Similarly, GAP and I are both fortunate enough to come from happy and in-tact families; families who are indeed our friends. I talk to my mother, father, and sister multiple times weekly. GAP is slightly less communicative, but still talks with his parents and siblings regularly. We also have extended family members whom we consider friends, despite longer breaks between visits.
Now this is all quite lovely: friend = family and family = friend. Très charming… But I wonder about the boundaries of family and friendship. I’ve been blessed with a family whom I love and enjoy. But, like most people, there are a few outliers; people I don’t know as well, can’t relate to, don’t quite know what to say to. What’s a girl to do with these folks?

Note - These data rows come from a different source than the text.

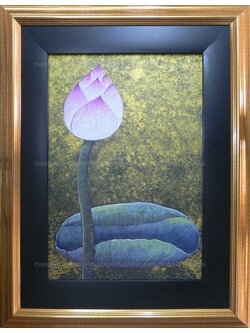 ผลงานศิลปะ "บัวและความว่าง 2"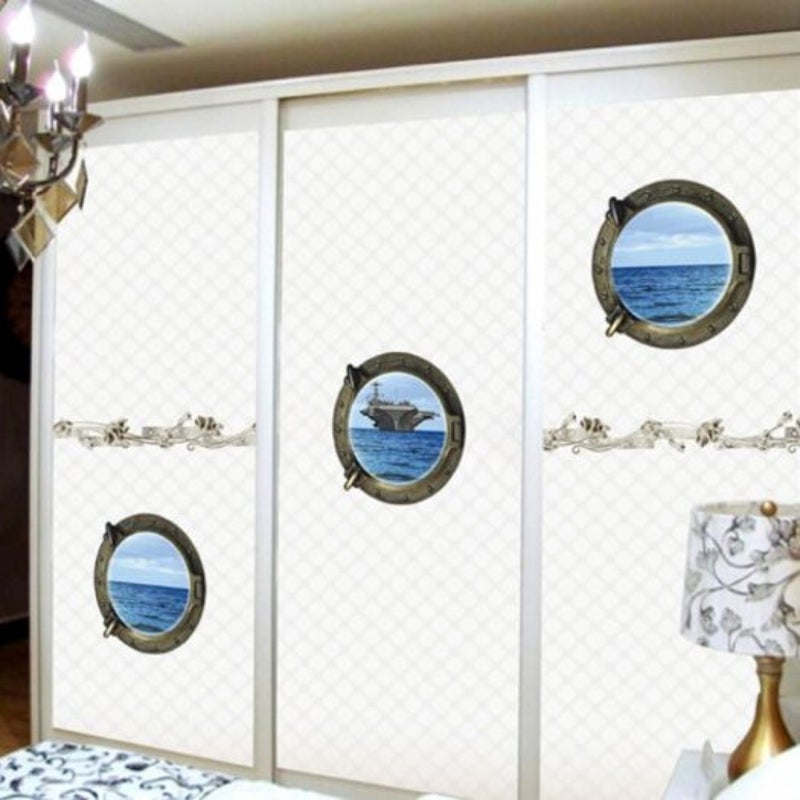 3D Landscape Pvc Wall Stickers Multi B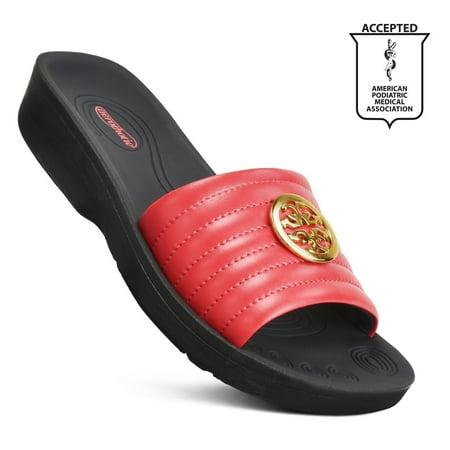 Aerothotic Otis Arch Support Casual Women Slides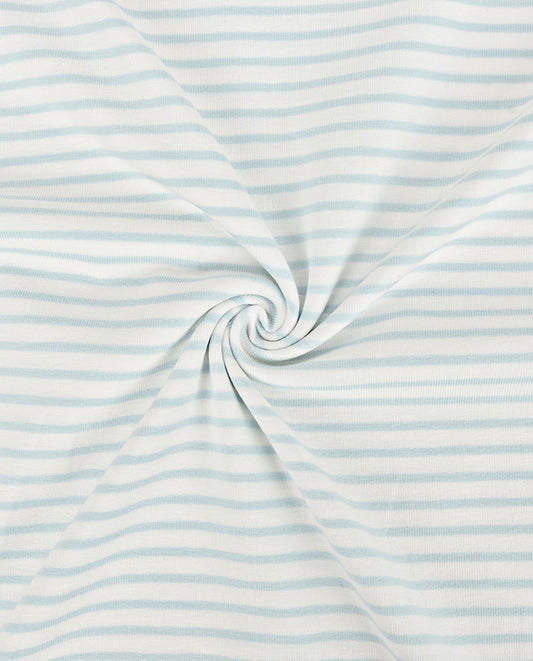 Jersey Stripe Yarn Dyed : 4088 : 1601 : Light Blue
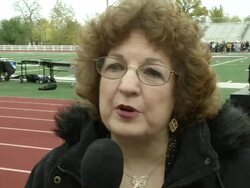 INTERVIEW: Margie Fitterling of Fitterling Dentistry on the event at the Barry Manilow Brings Music Back To Joplin Students at Joplin MO. (Footage by WireImage Video/Getty Images Entertainment Video) Stock Footage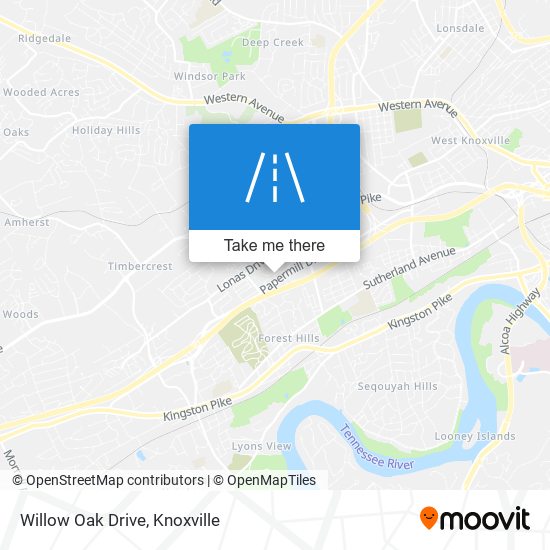 Willow Oak Drive map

I sit here and say that I value family. I believe they are important. I believe they are worth sacrifices. They merit a not-altogether-insignificant amount of time, effort, and expense toward the end of nurturing the familial bond. They are relationships that cannot be replaced, and they should be treated as such.
But yet, when I look at the family members to whom I’m closest, they are the ones whose lives most closely resemble my own: similar ages, similar lifestyles, similar interests. And once some imaginary threshold of difference is met, my efforts to nurture and build that relationship diminish.
So I worry about being two-faced and duplicitous. I worry about where I draw the line. I worry about whether or not I should match the level of effort I extend to certain relatives to the entire lot of them. But it’s not a small group of people. So I then worry about how quickly I might go positively batty if I did go down that equitable path.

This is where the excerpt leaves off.